Most workloads in Kubernetes are over-provisioned. CPU and memory requests are set conservatively at deploy time and rarely revisited. This wastes cluster capacity and drives up costs.

Generic VPA solutions treat Java workloads like any other process. The JVM manages its own heap — what the OS sees as memory usage is not the whole picture. Without understanding heap vs. non-heap, GC overhead, and the effect of -Xmx, recommendations are either too tight (causing OOMKills) or too loose (wasting memory).

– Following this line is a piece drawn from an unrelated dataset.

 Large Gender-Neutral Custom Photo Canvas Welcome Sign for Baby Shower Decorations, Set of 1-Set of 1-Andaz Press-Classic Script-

Cairn solves both problems:

  • Continuous recommendations based on a configurable rolling window of observed usage
  • JVM-aware memory sizing using real heap metrics, not container working-set bytes
  • Automatic -Xmx management so heap ceilings match recommendations and don't drift
  • Burst detection with a hysteresis state machine to handle load spikes without thrashing
  • Observation window ensures sufficient data is collected before the first auto apply
  • Configurable actuation — recommend only, dry-run, or automatic apply with a change threshold and cooldown

Key features

Feature Description
JVM-aware sizing Uses heap P95, non-heap P95, GC overhead, and direct buffers from the cairn-agent
Automatic Xmx management Sets -Xmx/-Xms via JAVA_TOOL_OPTIONS so the JVM heap ceiling tracks the recommendation
Burst detection Normal → Bursting state machine with configurable thresholds and hysteresis
GC pressure scaling High GC overhead inflates both CPU and heap target via a single gcOverheadWeight knob
Observation window minObservationWindow (default 24h) prevents premature applies before sufficient data is collected
Apply cooldown minApplyInterval prevents rapid re-applies during load spikes or JVM warmup restarts
Three modes recommend (observe only), dry-run (log what would change), auto (apply)
Two update strategies restart (rolling restart, works everywhere) and in-place (no restart, requires k8s 1.27+)
Cluster-wide policies ClusterRightsizePolicy applies across namespaces with configurable namespace selectors

How it works

  1. A mutating webhook detects Java pods and injects the cairn-agent JAR via JAVA_TOOL_OPTIONS.
  2. The agent exposes JVM metrics (heap, non-heap, GC overhead, direct buffers) on a Prometheus-compatible endpoint.
  3. The policy controller queries VictoriaMetrics and runs the recommender engine to produce a RightsizeRecommendation per workload.
  4. The recommendation controller runs the actuator engine: waits for minObservationWindow, checks the change threshold, respects minApplyInterval, then applies the recommendation (resource requests + JVM flags) to the workload.